Presented at the iconic Pałac Sztuki (Palace of Art) in Kraków — a monumental Art Nouveau building and one of the city’s cultural landmarks — the exhibition redefined the poster as a cultural and artistic language rather than a printed object. The Palace itself, with its century-old history and its role in shaping Polish artistic identity, became an essential component of the curatorial narrative.
Poster ≠ Paper drew nearly ten thousand visitors in a single month, significantly surpassing average attendance for exhibitions at the Palace. This strong public response reflected the power of the curatorial concept, which positioned poster art at the intersection of painting, branding, propaganda, visual identity, and contemporary media culture.
The exhibition traced the evolution of the Polish School of Poster, showing its painterly origins, its sophisticated use of metaphor and symbol, and its capacity to communicate complex political and social narratives under the constraints of twentieth-century reality. More than 280 works and artifacts were presented, including historical posters, magazines, graphic ephemera, advertising materials, iconic brand logos, Solidarność visuals, and contemporary AI-generated pieces responding to the legacy of the medium.
A central part of the exhibition focused on the cultural power of branding in the communist era: the LOT crane, the Moda Polska swallow, the PKO key, the PZU circle. These icons, once omnipresent in public space, became touchstones of Polish visual memory. Shown alongside the posters that amplified them, they revealed how design, identity, and cultural imagination intertwine across generations.
The exhibition also highlighted a crucial moment in Polish art history: the poster has now entered the permanent collection of the National Museum in Warsaw, confirming its status as a major artistic form with national significance.
Poster ≠ Paper received extensive media coverage, with over 150 articles across cultural and mainstream outlets.
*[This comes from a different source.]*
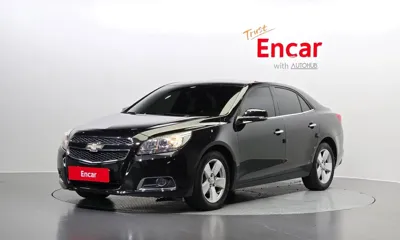 ChevroletGMDaewoo Malibu · 2015 год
Vogue Polska, AD, Polityka, Magazyn Szum, and Gazeta Wyborcza praised the exhibition as one of the most important cultural events of the autumn season in Kraków and a vital re-examination of the role of poster art in contemporary visual culture.
By combining historical depth, institutional partnership, and a contemporary critical lens, Poster ≠ Paper presented the poster as a flexible, expressive, and profoundly human medium — a mirror of social change, a tool of imagination, and a living part of public life.